> [Try it]: Taking the data below, please print only the lines from the line holding "Military Helicopter - Flying" to the line holding "Draperie neagra OXFORD", inclusive, with pictures omitted.

> [Exercise input]:
.....

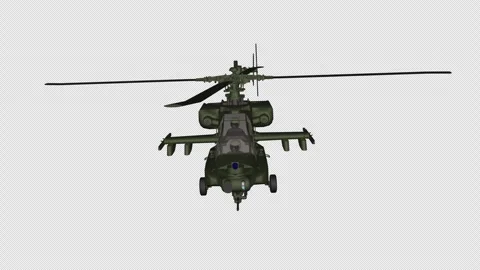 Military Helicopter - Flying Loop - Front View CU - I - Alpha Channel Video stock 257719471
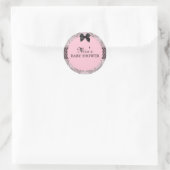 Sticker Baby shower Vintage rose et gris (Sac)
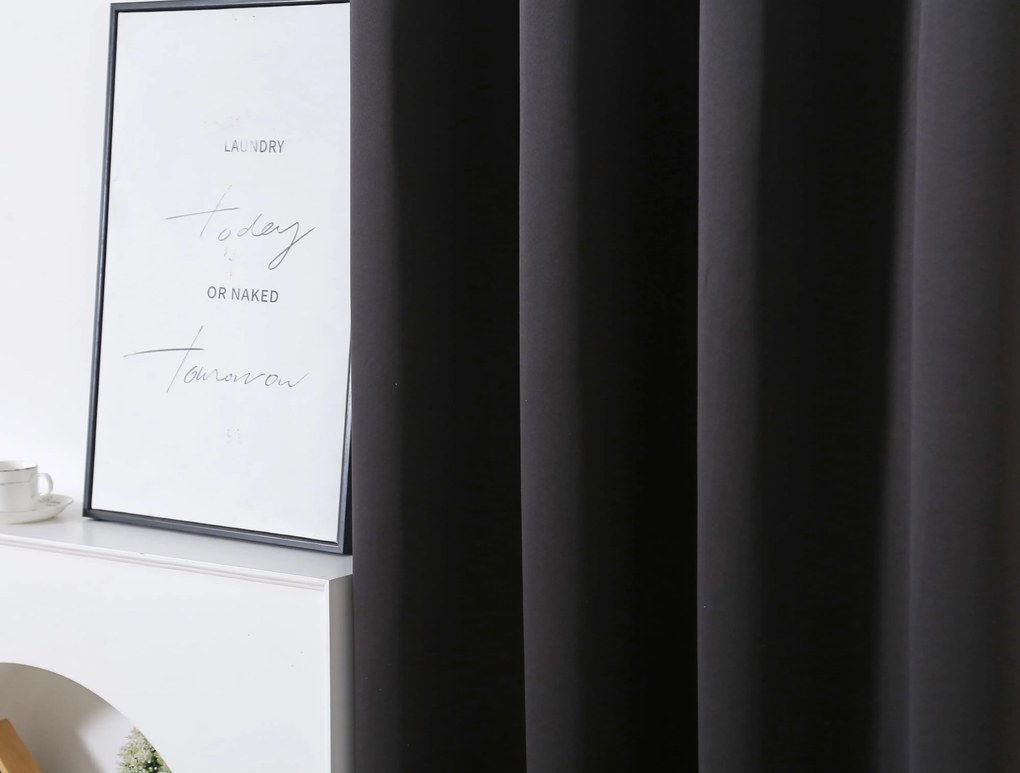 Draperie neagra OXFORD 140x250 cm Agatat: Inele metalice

.....

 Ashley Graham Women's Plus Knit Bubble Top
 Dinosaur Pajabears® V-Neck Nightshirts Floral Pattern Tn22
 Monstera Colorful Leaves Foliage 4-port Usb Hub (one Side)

.....

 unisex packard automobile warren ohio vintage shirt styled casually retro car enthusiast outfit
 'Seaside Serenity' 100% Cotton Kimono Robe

.....

> [Answer below]:
 Military Helicopter - Flying Loop - Front View CU - I - Alpha Channel Video stock 257719471
 Sticker Baby shower Vintage rose et gris (Sac)
 Draperie neagra OXFORD 140x250 cm Agatat: Inele metalice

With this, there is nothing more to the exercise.